ELASTOHYDRODYNAMICS AND FLEXIBLE BLADE COATING (COMPUTER, AIDED, ANALYSIS)

Elastohydrodynamic systems are characterized by the strong interactions of pressure and viscous forces arising from the flow of fluids in nonuniform narrow channels and elastic forces arising from the deformations of the walls of those channels.;This thesis reports theoretical predictions from a new model which is developed at different levels of complexity. The model is based on the lubrication approximation of flow in narrow channels and on both infinitesimal and finite deformation treatments of a thin elastic blade of large width. Newtonian and shear-sensitive liquids are considered.;The highly nonlinear set of differential and integrodifferential equations that governs the systems is solved numerically by a comprehensive method, namely, subdomains/Galerkin weighted residuals/finite element basis function/Schwarz-Wendroff approximation.

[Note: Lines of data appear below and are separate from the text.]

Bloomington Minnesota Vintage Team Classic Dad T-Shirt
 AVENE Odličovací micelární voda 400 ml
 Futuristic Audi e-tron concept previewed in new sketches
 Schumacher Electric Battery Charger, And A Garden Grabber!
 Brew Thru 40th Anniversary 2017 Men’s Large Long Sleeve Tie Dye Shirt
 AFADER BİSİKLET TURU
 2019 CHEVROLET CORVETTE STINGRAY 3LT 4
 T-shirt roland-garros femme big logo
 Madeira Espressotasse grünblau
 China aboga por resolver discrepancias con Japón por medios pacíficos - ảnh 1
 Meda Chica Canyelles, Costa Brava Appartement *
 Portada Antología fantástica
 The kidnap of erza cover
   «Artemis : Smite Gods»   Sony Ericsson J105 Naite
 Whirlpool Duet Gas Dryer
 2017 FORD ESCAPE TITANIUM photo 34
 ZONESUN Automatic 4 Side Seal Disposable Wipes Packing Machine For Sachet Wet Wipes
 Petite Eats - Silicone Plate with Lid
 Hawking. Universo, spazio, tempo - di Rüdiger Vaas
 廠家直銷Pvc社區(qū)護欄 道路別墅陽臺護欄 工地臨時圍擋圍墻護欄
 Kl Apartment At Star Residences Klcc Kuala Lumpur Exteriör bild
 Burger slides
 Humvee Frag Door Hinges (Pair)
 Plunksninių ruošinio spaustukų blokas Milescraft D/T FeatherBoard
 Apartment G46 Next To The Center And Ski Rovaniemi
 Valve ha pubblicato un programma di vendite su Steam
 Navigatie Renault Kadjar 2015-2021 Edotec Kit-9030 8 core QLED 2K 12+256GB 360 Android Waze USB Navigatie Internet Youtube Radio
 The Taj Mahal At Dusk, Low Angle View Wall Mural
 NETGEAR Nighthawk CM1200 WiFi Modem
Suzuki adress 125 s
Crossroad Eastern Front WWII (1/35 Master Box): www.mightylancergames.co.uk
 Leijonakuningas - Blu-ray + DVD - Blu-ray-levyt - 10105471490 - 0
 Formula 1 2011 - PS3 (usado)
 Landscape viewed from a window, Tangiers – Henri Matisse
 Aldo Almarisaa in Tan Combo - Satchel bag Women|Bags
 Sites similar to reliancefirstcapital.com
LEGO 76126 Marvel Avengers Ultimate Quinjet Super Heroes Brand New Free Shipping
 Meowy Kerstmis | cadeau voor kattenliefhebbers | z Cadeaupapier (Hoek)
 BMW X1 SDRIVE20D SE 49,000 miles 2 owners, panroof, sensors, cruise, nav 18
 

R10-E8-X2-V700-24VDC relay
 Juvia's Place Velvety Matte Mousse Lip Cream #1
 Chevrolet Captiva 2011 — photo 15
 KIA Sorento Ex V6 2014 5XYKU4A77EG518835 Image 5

No less important are Newton iteration and first-order continuation for tracing out families of solutions in the parameter space. Crucial to this strategy is a new automatic step-size control for first-order continuation which was developed for the present work.;For the first time the characteristic and peculiar response of the system, i.e. the curves of coating thickness versus loading, are reproduced clearly. In addition, the computed predictions uncover the mechanism by which the interacting forces produce the relative extrema in the curves of coating thickness versus loading.;Everyday coating processes as well as high technology ones contain plenty of elastohydrodynamic systems. The prototype in this thesis is Flexible Blade Coating, which has been in industrial operation for more than thirty years; it also occurs in spreaders, wipers, squeegees, and the like. Basically the system consists of very thin flexible blade which is clamped at one end; the other end is free but acts to limit or to smooth the liquid being coated. The amount of liquid deposited is controlled by loading the blade, i.e. by pushing it down against the substrate or web to be coated, which moves relative to the blade.;Two sets of experiments, one in an idealized apparatus and another on a continuous web with industrial research equipment, were carried out to validate the theory.